Similarly, it is possible to split a batch into multiple batches by using the function split_along_batch:

>>> import torch
>>> from batchtensor.nested import split_along_batch
>>> batch = {
...     "a": torch.tensor([[2, 6], [0, 3], [4, 9], [8, 1], [5, 7]]),
...     "b": torch.tensor([4, 3, 2, 1, 0]),
...     "c": torch.tensor([1.0, 2.0, 3.0, 4.0, 5.0]),
... }
>>> split_along_batch(batch, split_size_or_sections=2)
({'a': tensor([[2, 6], [0, 3]]), 'b': tensor([4, 3]), 'c': tensor([1., 2.])},
 {'a': tensor([[4, 9], [8, 1]]), 'b': tensor([2, 1]), 'c': tensor([3., 4.])},
 {'a': tensor([[5, 7]]), 'b': tensor([0]), 'c': tensor([5.])})

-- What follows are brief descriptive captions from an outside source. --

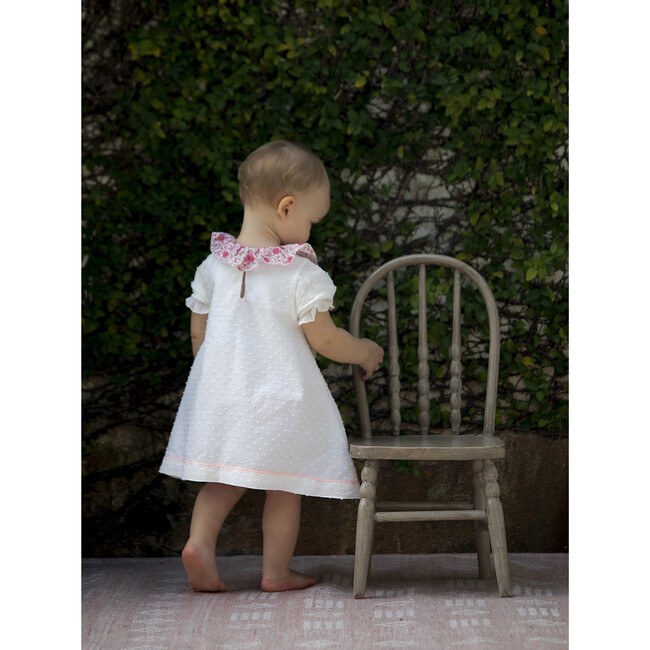 Coco Baby Ruffle Collar Dress, Neige Plumetis - Dresses - 2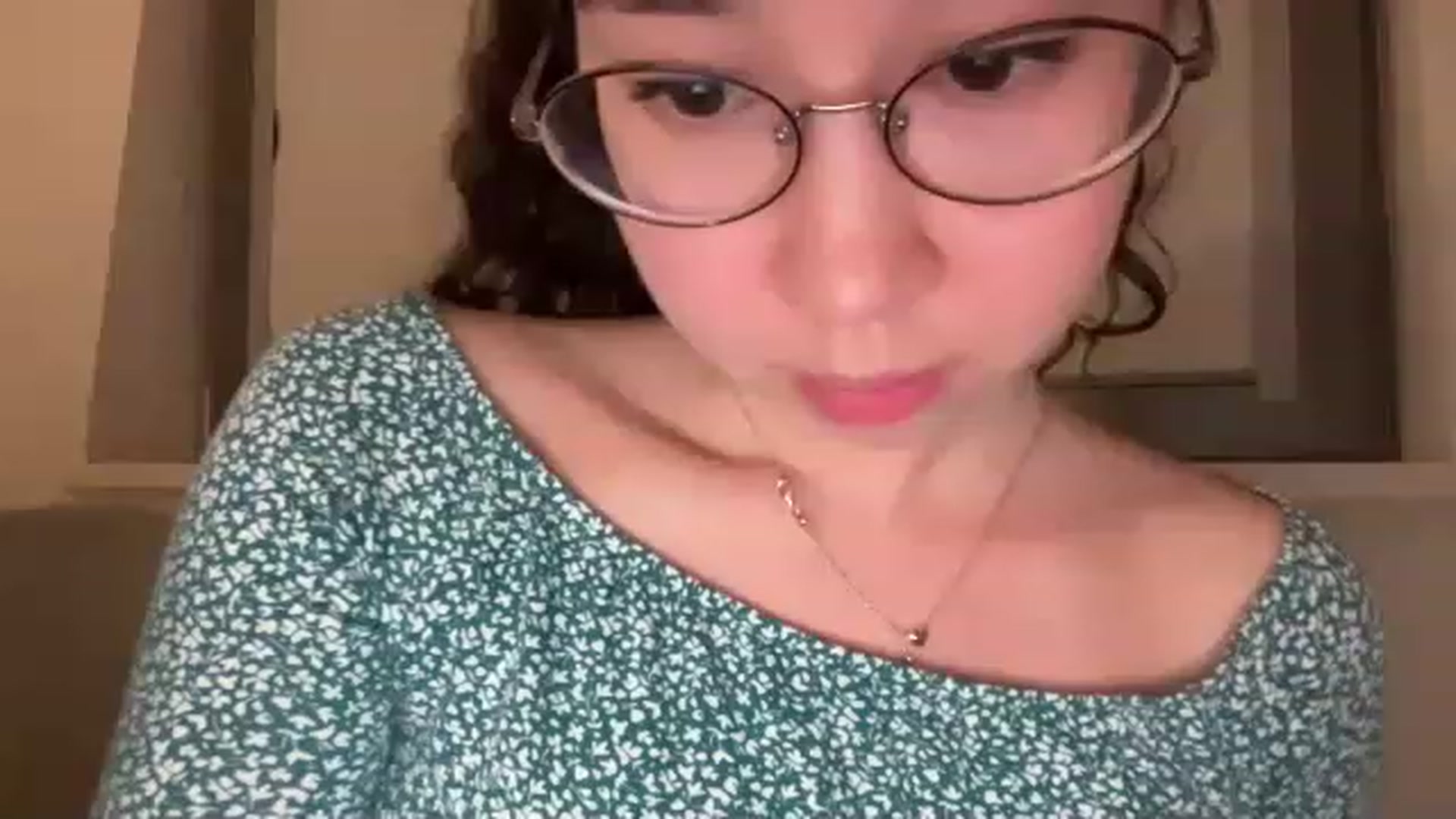 Gallery image thumbnail from cute_asian69's myfreecams stream on, 06/26/2023, 01:24 image 13 of 20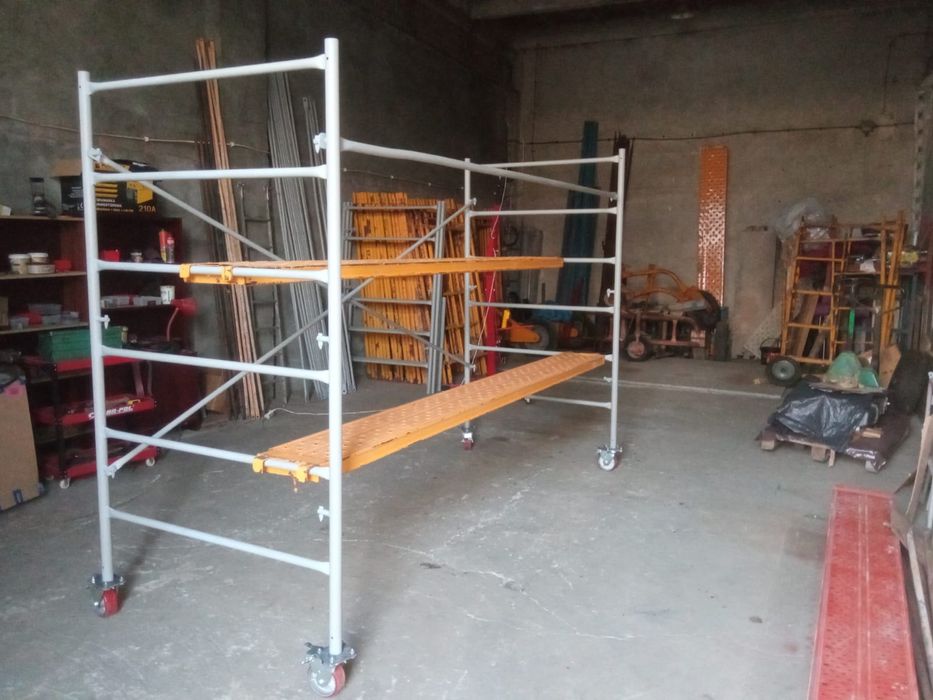 Rusztowanie elewacyjne drabinkowe modułowe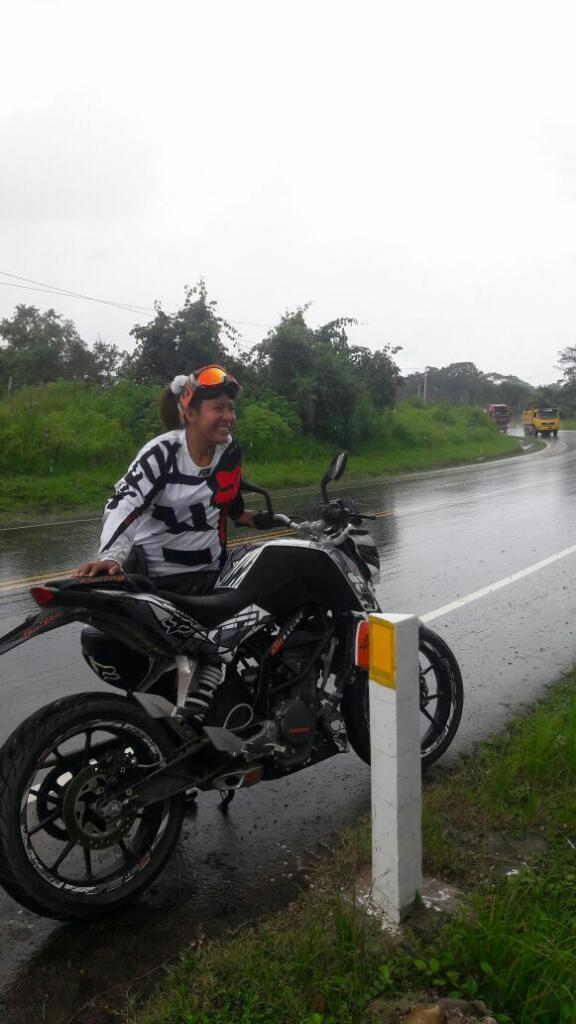 Vendo Moto Duke 200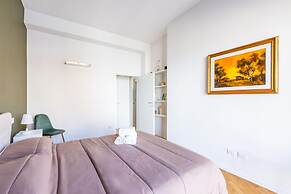 Chiaia Mon Amour Elegant Flat by Napoliapartments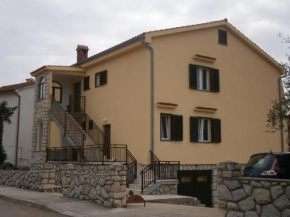 Apartment Navy In a Quiet Area Cres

Please check the user guide and API reference to see all the implemented functions and detailed examples.

API stability

⚠ While batchtensor is in development stage, no API is guaranteed to be stable from one release to the next. In fact, it is very likely that the API will change multiple times before a stable 1.0.0 release. In practice, this means that upgrading batchtensor to a new version will possibly break any code that was using the old version of batchtensor.

License

batchtensor is licensed under BSD 3-Clause "New" or "Revised" license available in LICENSE file.